ORDER ON CROSS-MOTIONS FOR SUMMARY JUDGMENT
R. Baldock United States Circuit Judge.
Filbert C. Vialpando, a retired coal miner, filed a motion
for summary judgment (Doc. 11) against his former employer,
Defendant Chevron Mining, Inc., to recover twenty percent
additional compensation and interest under the Black Lung
Benefits Act (BLBA) 30 U.S.C. §§ 901-944 for
untimely payment of benefits. Vialpando asserts he is
entitled to twenty percent additional compensation plus
interest from Chevron for late monthly benefit payments from
February 2011 to December 2017. In response, Chevron filed a
motion for summary judgment (Doc. 15) against Vialpando
arguing it timely made the benefit payments. The
cross-motions for summary judgment ask this Court to decide
whether Chevron is obligated to pay Vialpando a twenty
percent penalty and interest on any or all the benefits
awarded under the BLBA. For the following reasons, the Court
grants-in-part and denies-in-part Vialpando's motion and
grants-in-part and denies-in-part Chevron's motion.
Filbert Vialpando worked for Chevron Mining, Inc. at the York
Canyon coal mine in New Mexico. After nearly 29 years working
as a coal miner, Vialpando contracted pneumoconiosis, a
disease commonly known as “black lung.” In
February 2011, Vialpando filed a claim for benefits under the
Black Lung Benefits Act (BLBA) with the U.S. Department of
Labor Office of Workers' Compensation Programs. OWCP
administers the Labor Secretary's programs under the
BLBA. A year later, the OWCP Director issued a Proposed
Decision and Order awarding Vialpando black lung benefits
dating back to February 2011. The Proposed Decision and Order
awarded Vialpando $12, 197.90 in back payments and ordered
Chevron to continue to pay benefits to Vialpando at the rate
of $938.30 per month. The Proposed Decision and Order also
warned Chevron that it would be liable for additional
compensation and interest if Chevron failed to timely pay the
declined to pay benefits and timely sought a formal hearing
before an administrative law judge (ALJ) contesting the
benefits award set forth in the OWCP Director's Proposed
Decision and Order. Shortly after Chevron requested a formal
hearing, the OWCP Director sent Chevron an Initial
Determination, which acknowledged Chevron's timely
request for a formal hearing, calculated the benefits owed to
Vialpando, and instructed Chevron to begin payments to
Vialpando. As in the OWCP Director's Proposed Decision
and Order, the Initial Determination warned Chevron that it
would have to pay additional compensation and interest if it
failed to begin payment ordered by the OWCP Director's
Proposed Decision and Order.
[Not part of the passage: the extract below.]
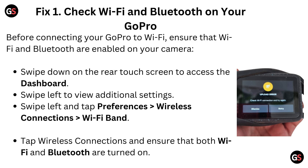Fix 1: Check Wi-Fi and Bluetooth on your GoPro. Before connecting your GoPro to Wi-Fi, ensure that Wi-Fi and Bluetooth are enabled on your camera. Swipe down on the rear touch screen to access the dashboard. Swipe left to view additional settings, then tap on Preferences, go to Wireless Connection, and tap on Wi-Fi Band. Ensure that both Wi-Fi and Bluetooth are turned on.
On the same day the OWCP Director
sent the Initial Determination to Chevron, the OWCP Director
also sent a letter to Vialpando informing him the Black Lung
Disability Trust Fund would prospectively pay Vialpando his
benefits from the date of the Initial Determination
“until [Vialpando's] claim is finally
decided” because Chevron “declined to make
payment to [Vialpando] until the issue is finally
resolved.” Doc. 11-4 at 1. The Trust Fund paid
Vialpando interim monthly benefits from February 2012 until
November 2017 when Chevron refused to pay.
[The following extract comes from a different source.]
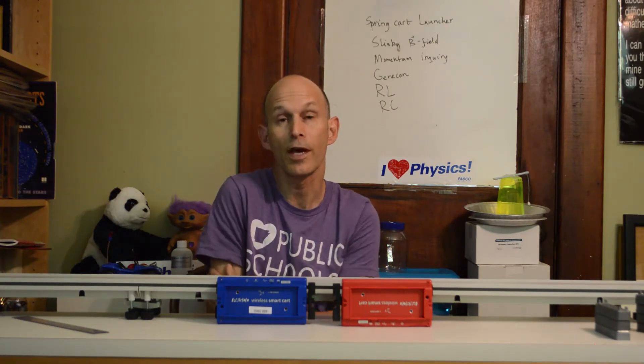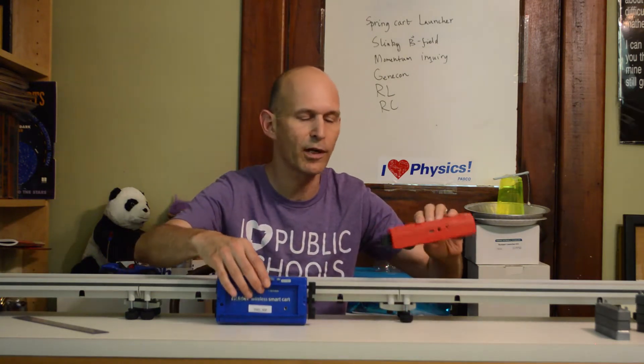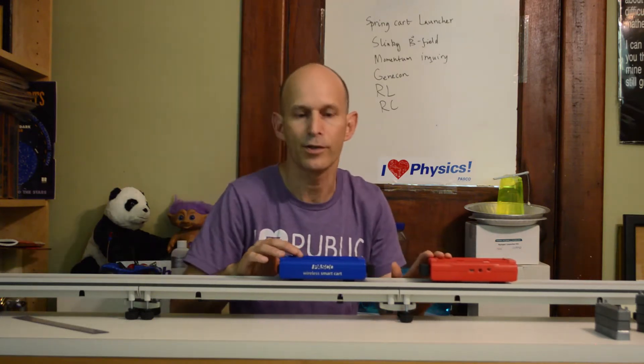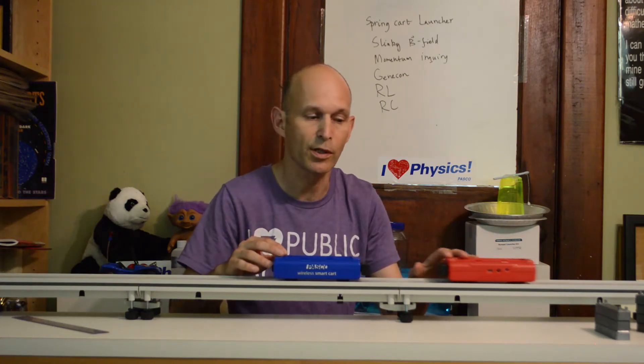Hi, I'm Mark and I'm going to show you an observational experiment that you can do to introduce collisions and momentum. I have two wireless smart carts from Pasco. They come in different colors but the carts are actually identical in mass and other characteristics. I'm not going to use the data collection features of the carts — this is just a conceptual activity.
September 2014, at a hearing before an ALJ, both Vialpando
and Chevron presented evidence and arguments. Two years
later, in its June 2016 Decision and Order Awarding Benefits,
the ALJ found Vialpando qualified as totally disabled due to
pneumoconiosis, awarded Vialpando benefits under the BLBA,
and ordered Chevron to commence payment to Vialpando dating
back to February 2011. On June 20, 2016, the OWCP Director
received the ALJ's Decision and Order Awarding Benefits.
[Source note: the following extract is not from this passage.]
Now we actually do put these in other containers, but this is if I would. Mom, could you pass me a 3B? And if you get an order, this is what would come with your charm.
Chevron then timely appealed the ALJ's decision to the
U.S. Department of Labor's Benefits Review Board (BRB).
In July 2017, the BRB affirmed the ALJ's Decision and
Order Awarding Benefits.
December 27, 2017, the OWCP Director issued a final
calculation of benefits, which stipulated Chevron pay the
following: (1) $976.40 per month in monthly benefits under
the BLBA beginning December 2017 to Vialpando, (2) $11,
259.60 for unpaid, past-due monthly benefits from February
2011 to January 2012 to Vialpando, (3) $66, 781 reimbursement
to the Trust Fund for interim benefit payments made by the
Trust Fund to Vialpando from February 2012 to November 2017,
and (4) $958.26 to the Department of Labor for medical and
travel expenses it incurred regarding Vialpando's claim.
Thereafter, Chevron paid Vialpando and the Trust Fund within
thirty days of the December 27, 2017 letter and began making
monthly payments to Vialpando.
brings this action to enforce payment of additional
compensation and interest arising from Chevron's alleged
late payment of monthly benefits awarded under the BLBA from
February 2011 to December 2017.
Standard of Law
judgment is proper “if the movant shows that there is
no genuine dispute as to any material fact and the movant is
entitled to judgment as a matter of law.” Fed.R.Civ.P.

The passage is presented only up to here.